Especially at the end of a sales year or quarter, suppliers need to stimulate sales and are offering more and deeper price discounts to distributors than ever before ... and in many cases, distributors are passing them on to fleets.
Although offering deep price promotions may increase selection of a particular brand at the time of the promotion, such discounts may come with a heavy downside and baggage, because they can reduce post promotion value recognition.
One reason for a negative effect on future sales is that buyers may lower their expectations of future permanent prices, which in turn may threaten future brand valuation when prices attempt to return to "normal" levels.
Pennies vs. Percent. What Works? What Sticks?
In their research, the authors examined how promotion expression (percentage off versus cents off) moderates the effect of promotion depth on post promotion price expectations and longer term brand choice.
One of the research studies concentrated on whether promotion description affects:
Buyers’ price expectations (do they understand the deal);
The rate of brand choice at the time of the promotion (did the deal work).
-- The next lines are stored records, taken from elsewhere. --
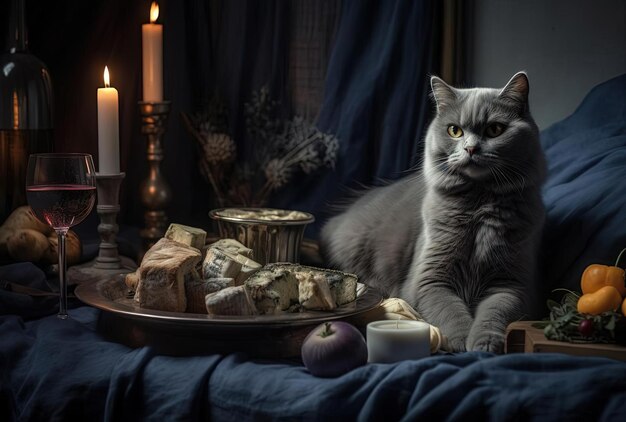 gato en la cama junto al vino y la comida al estilo de un ambiente festivo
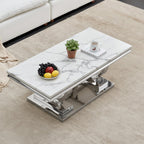 SSLine Modern 4 Piece Living Room Table Set, Includes 1 Coffee Table & 2 End Tables & 1 Console Table, Luxury Faux Marble Coffee Table Set with O-Shape Stainless Steel Base,White Marble& Silver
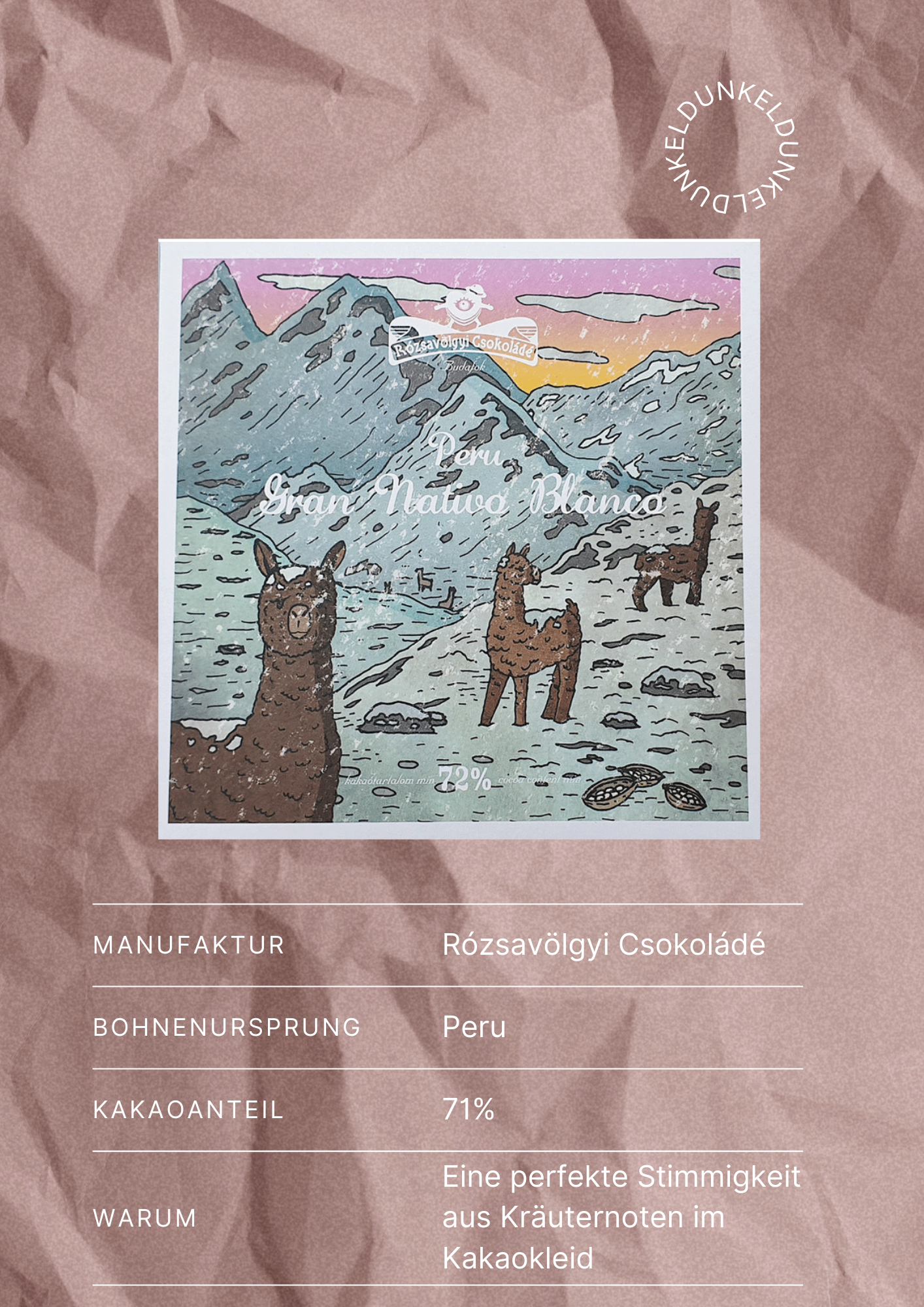 Rózsavölgyi Csokoládé Venezuela Gran Nativo Peru 71%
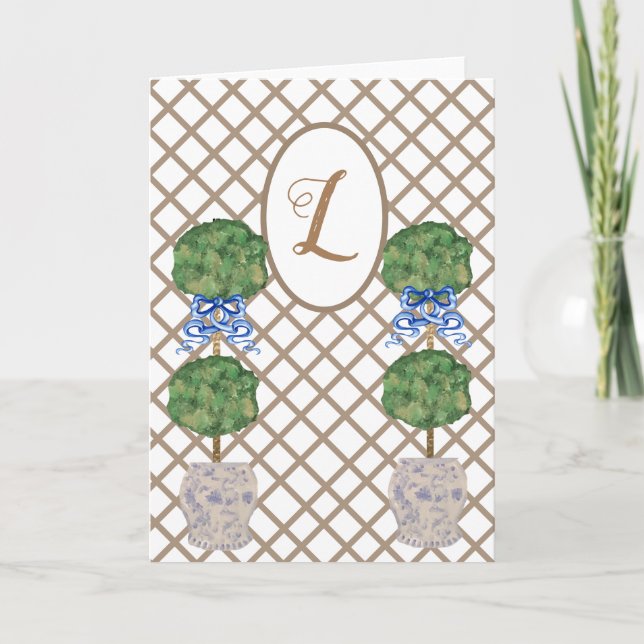 Green Chinoiserie Ginger Jar Jars Topiary Basket Karte (Vorderseite)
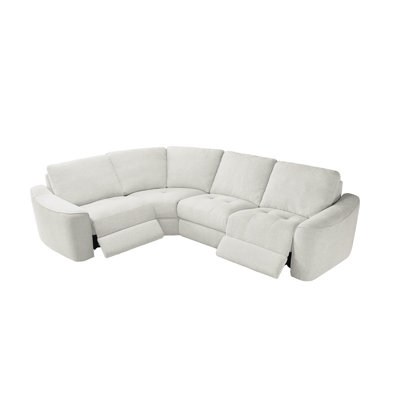 Upholstered Power Motion Modular 4-Piece 3-Recliner L-Sectional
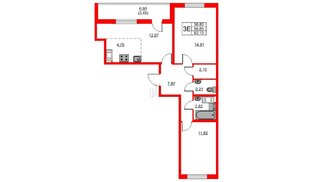 Квартира в ЖК Мурино Парк, 2 комнатная, 62.1 м², 12 этаж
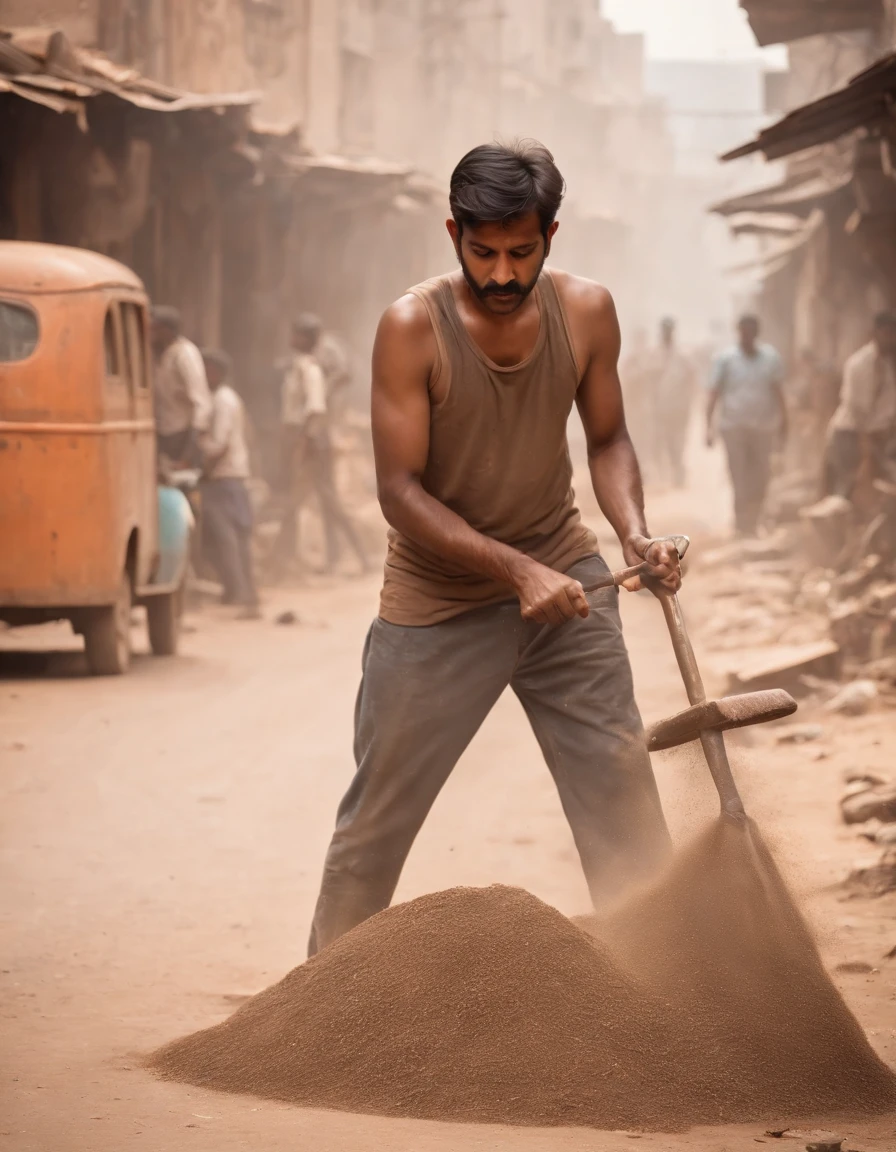 man cleaning dust in a busy street, in the style of landscape photography, indian pop culture, contrasting light, dystopian realism, war photography, 32k uhd, rusty debris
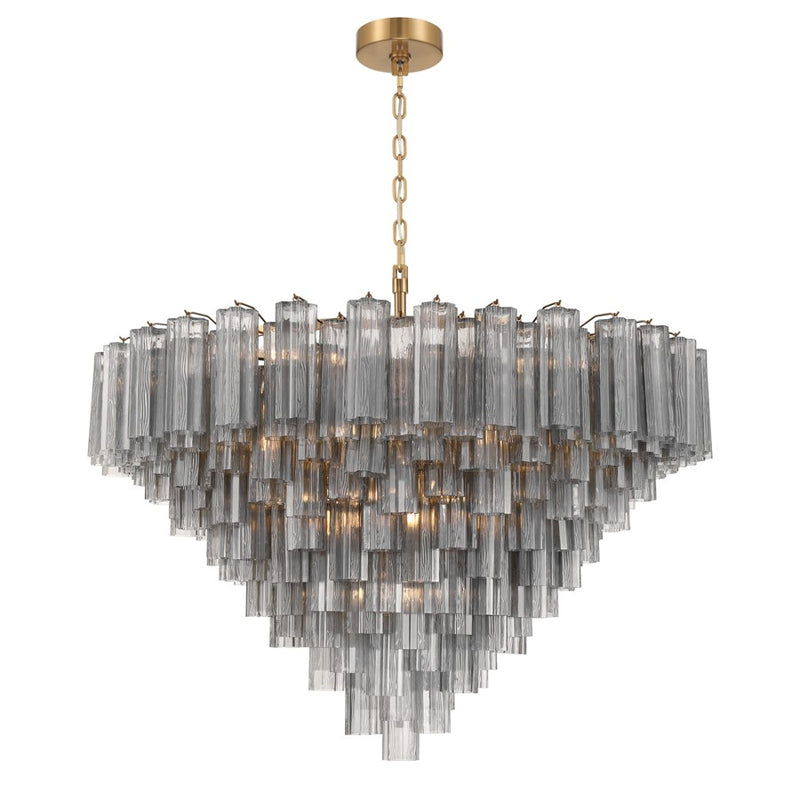 Crystorama Addis 28 Light 49" Chandelier, Aged Brass/Smoke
The results indicate that for promotions of high depth (greater than 40%), a cents-off description leads to lower post promotion price expectations than a percentage-off discount of equivalent value.
In other words, discounts (or price cuts) expressed in clear monetary terms tend to stick longer than the promotion itself.
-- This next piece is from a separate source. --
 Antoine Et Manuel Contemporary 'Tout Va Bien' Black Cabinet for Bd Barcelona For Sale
In addition to being associated with less downward price expectations, the high-depth percentage-off discount resulted in the same level of brand choice during the promotion as the high-depth cents-off promotion...it worked just as well!
Percentages Favor Brand Valuation in the Long Pull
A second study found that the effect of promotional definition on price expectations carries through to brand choice after the promotion is removed.
Specifically, repeat choice for a brand following its use of a deep promotion was greater when the promotion was described in percentage terms than when described in dollar terms.
As with price expectations, post promotion brand choice did not differ as a function of promotional description for low-depth (less than 15%) promotions.
Interestingly, the prime source of inaccuracies in price perceptions stem from the difficulty of calculating the value of percentage-based discounts.
Specifically, difficulty doing the arithmetic:
Biases perceptions of prices from deep percentage-off promotions upward;
Makes buyers hesitant to weight the promoted price when updating price expectations.
Both outcomes help insulate price expectations from falling when consumers are exposed to a discounted price.
However, because computational difficulty drives the effect due to expression of the deal, the effect disappears for percentage-off discounts that are easy to compute. The easier it is to compute, the closer it comes to the "cash effect".
Thus, to best insulate post promotion share (while not undermining sales when promoted), managers should use percentage-off discount descriptions while avoiding discount values that are simple to calculate.
In summary, these studies indicate that using a percentage-off description to communicate a deep promotional price insulates future brand share by buoying price expectations while not undermining choice when the brand is promoted.
Additional studies indicate that discount description and depth influence consumers' price expectations primarily by affecting their perceptions of the promoted price and the weight they place on this price when updating their price expectations.
Biographies of the Study Authors:
Devon DelVecchio is Assistant Professor of Marketing in the Richard T. Farmer School of Business at Miami University. H. Shanker Krishnan is Associate Professor of Marketing in the Kelley School of Business at Indiana University. Daniel C. Smith is the dean of and Claire W. Barker Chair in Marketing in the Kelley School of Business at Indiana University.